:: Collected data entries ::
══════

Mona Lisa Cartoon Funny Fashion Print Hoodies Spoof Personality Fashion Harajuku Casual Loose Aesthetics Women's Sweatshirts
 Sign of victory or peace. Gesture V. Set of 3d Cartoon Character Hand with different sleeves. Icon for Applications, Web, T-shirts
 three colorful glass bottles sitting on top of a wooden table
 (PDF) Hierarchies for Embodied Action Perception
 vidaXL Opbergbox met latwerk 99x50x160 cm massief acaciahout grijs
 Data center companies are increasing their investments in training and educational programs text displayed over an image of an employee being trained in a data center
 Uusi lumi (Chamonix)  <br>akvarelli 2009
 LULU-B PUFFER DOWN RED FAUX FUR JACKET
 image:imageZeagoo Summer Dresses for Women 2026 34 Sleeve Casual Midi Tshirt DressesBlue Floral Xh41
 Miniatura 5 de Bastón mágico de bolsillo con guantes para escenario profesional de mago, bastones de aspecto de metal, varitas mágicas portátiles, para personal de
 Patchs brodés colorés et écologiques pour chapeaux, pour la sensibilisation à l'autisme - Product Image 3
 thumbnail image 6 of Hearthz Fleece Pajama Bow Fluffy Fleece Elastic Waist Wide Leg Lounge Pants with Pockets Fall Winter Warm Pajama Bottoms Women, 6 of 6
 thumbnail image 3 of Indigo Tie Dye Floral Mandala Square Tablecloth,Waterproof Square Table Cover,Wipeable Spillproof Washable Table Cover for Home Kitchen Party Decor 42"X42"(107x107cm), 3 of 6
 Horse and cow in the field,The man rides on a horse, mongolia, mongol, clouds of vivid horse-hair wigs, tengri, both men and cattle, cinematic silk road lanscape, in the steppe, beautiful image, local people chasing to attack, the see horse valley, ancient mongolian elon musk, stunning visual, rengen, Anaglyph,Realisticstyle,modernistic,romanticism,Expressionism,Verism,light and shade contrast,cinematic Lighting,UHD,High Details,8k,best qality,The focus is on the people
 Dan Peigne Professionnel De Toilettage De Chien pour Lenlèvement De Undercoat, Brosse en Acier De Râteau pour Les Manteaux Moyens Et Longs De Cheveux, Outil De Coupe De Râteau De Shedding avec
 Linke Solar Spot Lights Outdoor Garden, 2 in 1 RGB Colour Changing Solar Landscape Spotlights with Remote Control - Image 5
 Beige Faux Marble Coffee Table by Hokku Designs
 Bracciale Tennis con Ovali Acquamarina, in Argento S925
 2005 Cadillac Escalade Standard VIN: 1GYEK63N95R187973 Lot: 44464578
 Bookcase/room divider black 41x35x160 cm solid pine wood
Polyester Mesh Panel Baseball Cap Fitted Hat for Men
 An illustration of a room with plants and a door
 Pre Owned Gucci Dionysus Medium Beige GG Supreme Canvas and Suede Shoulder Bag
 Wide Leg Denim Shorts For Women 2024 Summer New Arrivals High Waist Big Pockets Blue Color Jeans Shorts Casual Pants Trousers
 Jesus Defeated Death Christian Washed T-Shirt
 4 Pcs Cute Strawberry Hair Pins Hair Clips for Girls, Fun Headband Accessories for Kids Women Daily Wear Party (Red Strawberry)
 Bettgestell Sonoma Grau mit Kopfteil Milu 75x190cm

══════

:: Your goal ::
Starting with the first line above and ending with the line that holds "Miniatura 5 de", restate each line word for word and add nothing else.

:: Problem solution ::
Mona Lisa Cartoon Funny Fashion Print Hoodies Spoof Personality Fashion Harajuku Casual Loose Aesthetics Women's Sweatshirts
 Sign of victory or peace. Gesture V. Set of 3d Cartoon Character Hand with different sleeves. Icon for Applications, Web, T-shirts
 three colorful glass bottles sitting on top of a wooden table
 (PDF) Hierarchies for Embodied Action Perception
 vidaXL Opbergbox met latwerk 99x50x160 cm massief acaciahout grijs
 Data center companies are increasing their investments in training and educational programs text displayed over an image of an employee being trained in a data center
 Uusi lumi (Chamonix)  <br>akvarelli 2009
 LULU-B PUFFER DOWN RED FAUX FUR JACKET
 image:imageZeagoo Summer Dresses for Women 2026 34 Sleeve Casual Midi Tshirt DressesBlue Floral Xh41
 Miniatura 5 de Bastón mágico de bolsillo con guantes para escenario profesional de mago, bastones de aspecto de metal, varitas mágicas portátiles, para personal de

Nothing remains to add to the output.